I was a little confused by the answer above, hence I'll give it another shot. I think the question is not actually about 'classical' linear regression but about the style of that particular source. On the classical regression part:
However, the linearity assumption by itself does not put any structure on our model
That is absolutely correct. As you have stated, $\epsilon$ might as well kill the linear relation and add up something completely independent from $X$ so that we cannot compute any model at all.
Is Greene being sloppy? Should he actually have written: $E(y|X)=Xβ$
I do not want to answer the first question but let me sum up the assumptions you need for usual linear regression:
Let us assume that you observe (you are given) data points $x_i \in \mathbb{R}^d$ and $y_i \in \mathbb{R}$ for $i=1,...,n$. You need to assume that the data $(x_i, y_i)$ you have observed comes from independently, identically distributed random variables $(X_i, Y_i)$ such that ...
There exists a fixed (independent of $i$) $\beta \in \mathbb{R}^d$ such that $Y_i = \beta X_i + \epsilon_i$ for all $i$ and the random variables $\epsilon_i$ are such that
The $\epsilon_i$ are iid as well and $\epsilon_i$ is distributed as $\mathcal{N}(0, \sigma)$ ($\sigma$ must be independent of $i$ as well)

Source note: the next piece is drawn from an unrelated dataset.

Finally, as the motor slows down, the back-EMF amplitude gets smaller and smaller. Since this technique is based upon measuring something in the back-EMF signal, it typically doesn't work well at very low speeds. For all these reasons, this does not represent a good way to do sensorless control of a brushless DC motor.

For $X = (X_1, ..., X_n)$ and $Y = (Y_1, ..., Y_n)$ the variables $X, Y$ have a common density, i.e. the single random variable $(X, Y)$ has a density $f_{X,Y}$
Now you can run down the usual path and compute
$$f_{Y|X}(y|x) = f_{Y,X}(y,x)/f_X(x) = \left(\frac{1}{\sqrt{2\pi d}}\right)^n \exp{\left( \frac{-\sum_{i=1}^n (y_i - \beta x_i)^2}{2\sigma}\right)} $$
so that by the usual 'duality' between machine learning (minimalization of error functions) and probability theory (maximization of likelihoods) you maximize $-\log f_{Y|X}(y|x)$ in $\beta$ which in fact, gives you the usual "RMSE" stuff.

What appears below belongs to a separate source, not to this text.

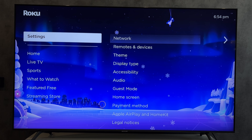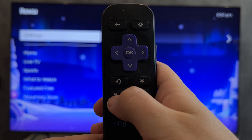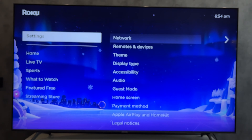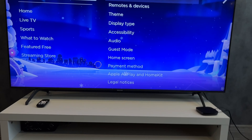First way: press the Home button five times, press the Up button, press Rewind two times, press Fast Forward two times. After that your TV will clear the cache and reboot.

Now as stated: If the author of the book you are quoting wants to make this point (which you have to do if you ever want to be able to compute the 'best possible' regression line in the basic setup) then yes, he must make this assumption on the normalicity of the $\epsilon$ somewhere in the book.
There are different possibilities now:
He does not write this assumption down in the book. Then it is an error in the book.
He does write it down in form of a 'global' remark like 'whenever I write $+ \epsilon$ then the $\epsilon$ are iid normally distributed with mean zero unless stated otherwise'. Then IMHO it is bad style because it causes exactly the confusion that you feel right now. That is why I tend to write the assumptions in some shortened form in every Theorem. Only then every building block can be viewed cleanly in its own right.
- He does write it down closely to the part you are quoting and you/we just did not notice it (also a possibility :-))
However, also in a strict mathematical sense, the normal error is something canonical (the distribution with the highest entropy [once the variance is fixed], hence, producing the strongest models) so that some authors tend to skip this assumption but use in nontheless. Formally, you are absolutely right: They are using mathematics in the "wrong way".
Whenever they want to come up with the equation for the density $f_{Y|X}$ as stated above then they need to know $\epsilon$ pretty well, otherwise you just have properties of it flying around in every senseful equation that you try to write down.